Work request: Each line of the data below goes into the copy exactly; pictures do not.

Information provided:

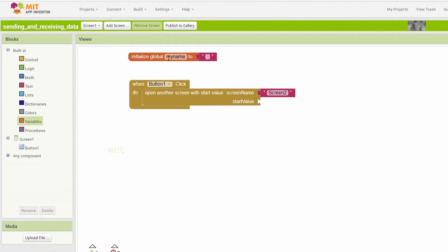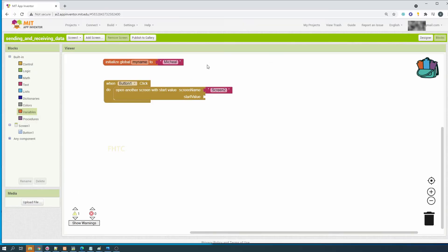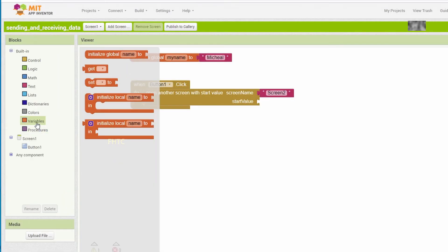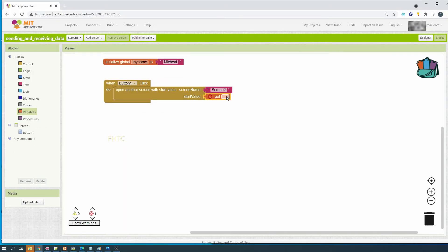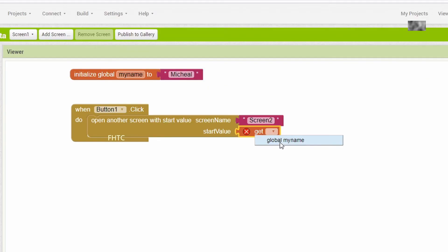To pass the value, initialize the value first. For example, we put 'michael' - assign 'michael' as the value to 'my name'. Now we want to send the value 'michael' to another screen. To assign the value, use a get block - you can get it from variables and drag it.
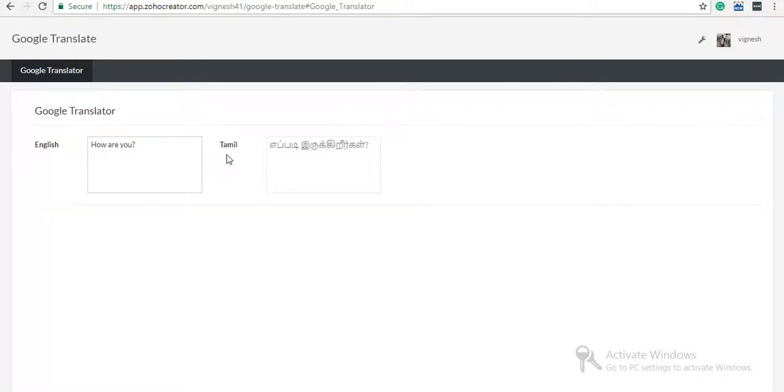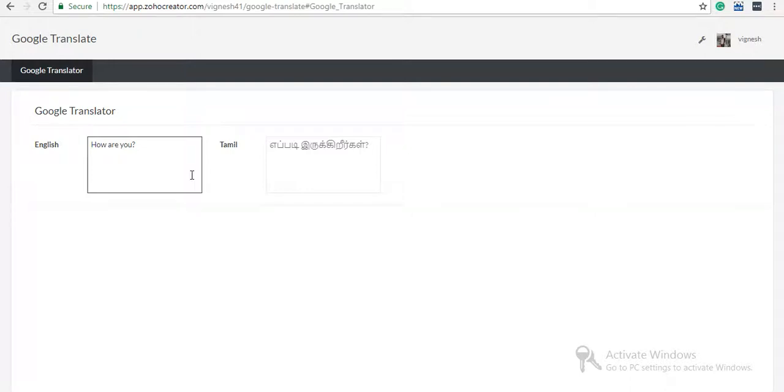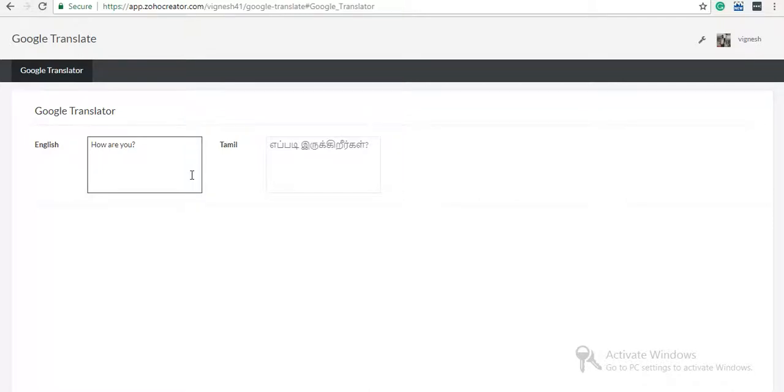Whatever input you give here, it will be translated into Tamil with the exact meaning by using the Google API. Like this, you can convert to whatever language you need using Google Translator.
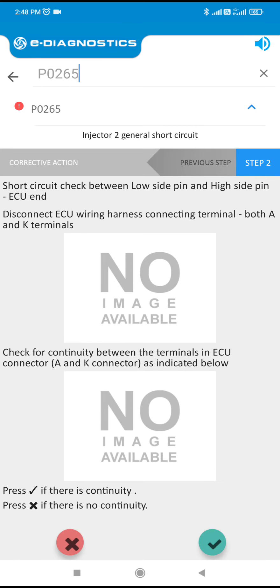Short circuit check between low side pin and high side pin. Disconnect AQ wiring harness connecting terminal. Check for continuity between the A and K terminals in the AQ connector, as indicated.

Solution:
To pass the value, initialize the value first. For example, we put 'michael' - assign 'michael' as the value to 'my name'. Now we want to send the value 'michael' to another screen. To assign the value, use a get block - you can get it from variables and drag it.
Whatever input you give here, it will be translated into Tamil with the exact meaning by using the Google API. Like this, you can convert to whatever language you need using Google Translator.
Short circuit check between low side pin and high side pin. Disconnect AQ wiring harness connecting terminal. Check for continuity between the A and K terminals in the AQ connector, as indicated.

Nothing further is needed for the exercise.